4) I'm authoritarian.-No explanation needed.
5) I drive a Vauxhall Omega - No explanation needed
6) I hang around with three 'cronies' most days, and give others the impression we're working hard.
7) I decide what crazy rhetoric I will spiel and when I will spiel it.
8) I spend large amounts of money on credit.
9) I accept payments from a questionable industry, often based on their perception of my power.
10) My kids are constantly looking & testing for weakness so they can overthrow me.
-Actually the kids have been revolting today, in the rebellious sense, of course.
Everyone needs to be a dictator in some way. Right?
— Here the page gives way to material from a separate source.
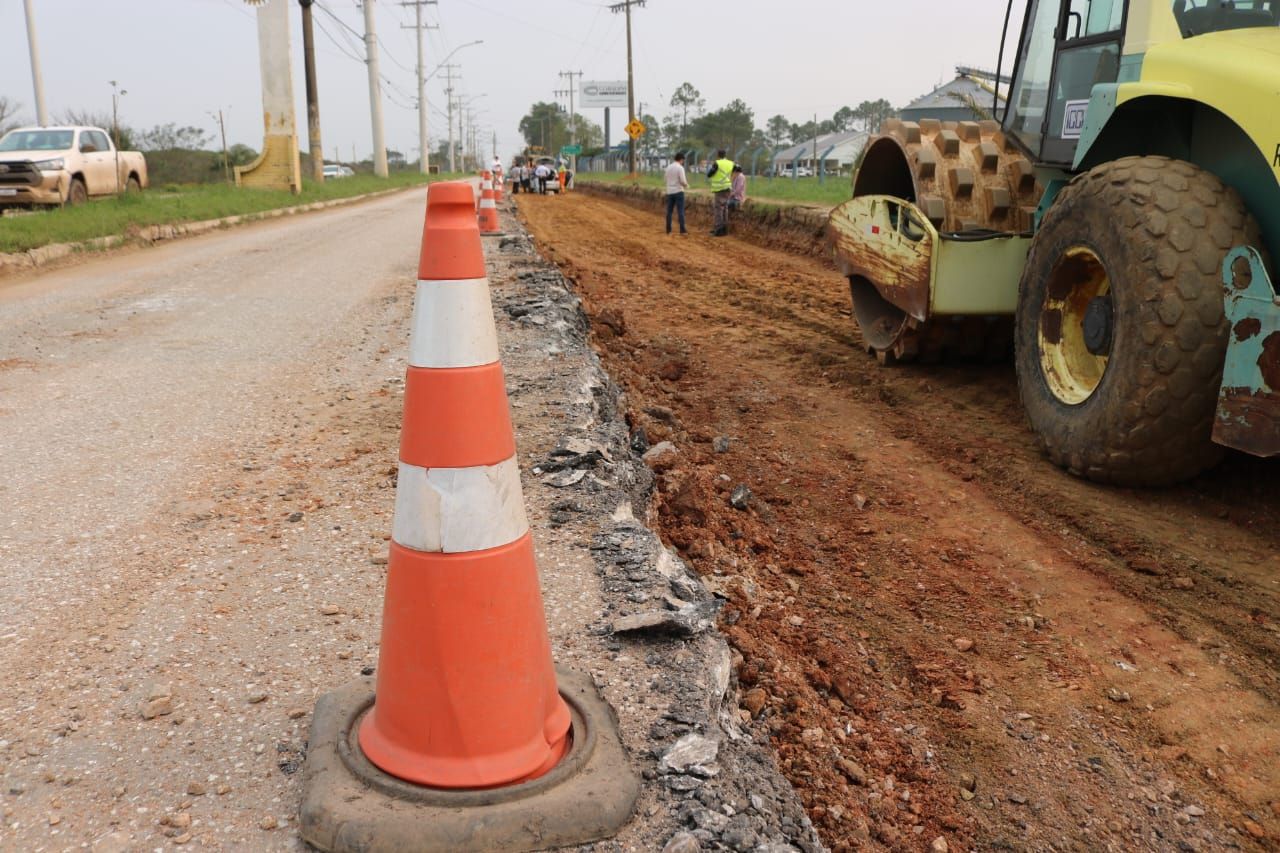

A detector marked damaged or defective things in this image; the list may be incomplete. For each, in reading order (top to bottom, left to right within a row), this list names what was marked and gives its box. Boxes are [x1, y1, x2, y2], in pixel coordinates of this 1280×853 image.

But maybe I should be more democratic here.
So what do you think this blog should be more or less? (Does that even make sense?)
Democratic/Communist/Religious Fundamentalist/Emotional/
Honest/Green-fingered/Realistic/Up it's own arse/
Illustrated/Grammatically Correct/Other
Don't worry, I (The General) will not change my mind during the night.
This is, after all, National 'No Rules week' in Britain. Or maybe it's 'Walk your kids to school week', I forget now.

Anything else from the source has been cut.